Основанием образа двойной вечной судьбы является радикальное отделение личности от личности и личностного от нижеличностного как следствие библейского персонализма. Когда индивидуализация в измерении духа преодолевает соучастие, возникают такие сильно центрированные «я», которые посредством аскетического самоконтроля и принятия на себя исключительной ответственности за свою вечную судьбу отделяют себя от сотворенного единства творения. Однако христианство, несмотря на свой персоналистический акцент, обладает также и идеями универсального соучастия в осуществлении Царства Божия. Эти идеи
акцентировались тем сильнее, чем в меньшей степени христианство в эпоху позднего эллинизма испытывало на себе косвенное влияние сильных дуалистических тенденций.

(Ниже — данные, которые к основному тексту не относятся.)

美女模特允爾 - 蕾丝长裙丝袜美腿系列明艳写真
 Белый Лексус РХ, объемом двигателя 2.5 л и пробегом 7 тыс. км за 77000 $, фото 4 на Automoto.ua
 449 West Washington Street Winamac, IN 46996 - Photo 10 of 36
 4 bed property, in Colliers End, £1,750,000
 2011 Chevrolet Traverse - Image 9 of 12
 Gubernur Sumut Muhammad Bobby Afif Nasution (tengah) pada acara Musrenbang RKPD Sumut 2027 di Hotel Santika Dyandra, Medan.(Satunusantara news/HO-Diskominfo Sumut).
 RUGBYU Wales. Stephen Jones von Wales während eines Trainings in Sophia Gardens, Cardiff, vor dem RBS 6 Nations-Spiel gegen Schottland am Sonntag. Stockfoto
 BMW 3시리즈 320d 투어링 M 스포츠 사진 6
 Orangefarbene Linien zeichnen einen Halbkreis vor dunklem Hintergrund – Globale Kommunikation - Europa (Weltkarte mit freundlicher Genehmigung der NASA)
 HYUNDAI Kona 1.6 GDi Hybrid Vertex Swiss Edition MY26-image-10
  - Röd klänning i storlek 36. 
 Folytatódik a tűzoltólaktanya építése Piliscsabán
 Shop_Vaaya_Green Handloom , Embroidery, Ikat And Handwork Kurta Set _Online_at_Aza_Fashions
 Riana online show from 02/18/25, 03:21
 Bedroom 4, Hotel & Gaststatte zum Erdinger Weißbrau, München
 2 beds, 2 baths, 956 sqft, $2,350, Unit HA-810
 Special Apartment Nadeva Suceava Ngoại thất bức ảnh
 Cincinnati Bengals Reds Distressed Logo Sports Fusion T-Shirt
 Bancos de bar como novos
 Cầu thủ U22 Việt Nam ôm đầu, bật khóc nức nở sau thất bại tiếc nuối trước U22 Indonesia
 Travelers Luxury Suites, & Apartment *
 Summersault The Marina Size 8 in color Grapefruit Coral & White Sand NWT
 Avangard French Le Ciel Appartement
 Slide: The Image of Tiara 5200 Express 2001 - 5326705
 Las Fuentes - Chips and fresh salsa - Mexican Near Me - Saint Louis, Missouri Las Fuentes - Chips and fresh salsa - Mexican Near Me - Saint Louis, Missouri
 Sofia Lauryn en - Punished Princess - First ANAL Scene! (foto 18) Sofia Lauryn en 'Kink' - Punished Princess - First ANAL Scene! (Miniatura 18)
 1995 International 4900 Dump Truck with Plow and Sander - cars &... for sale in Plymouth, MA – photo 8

С точки зрения божественного самопроявления учение о двойственной вечной судьбе противоречит идее постоянного созидания Богом конечного как «весьма хорошего» (Бытие, глава I). Если бытие как бытие «хорошо» (таково великое антидуалистическое положение Августина), то ничто из того, что есть, не может стать полностью плохим. Если что-то есть, если оно обладает бытием, то оно включено в созидательную божественную любовь. Учение о единстве всего в божественной любви и в Царстве Божием лишает символ ада его характера «вечного осуждения». Это учение не устраняет серьезности судящей стороны божественного суда — того отчаяния, в котором переживается опыт разоблачения негативного. Однако оно устраняет нелепости буквального понимания ада и неба, а также отказывается допускать смешение вечной судьбы с вечно длящимся состоянием боли или удовольствия.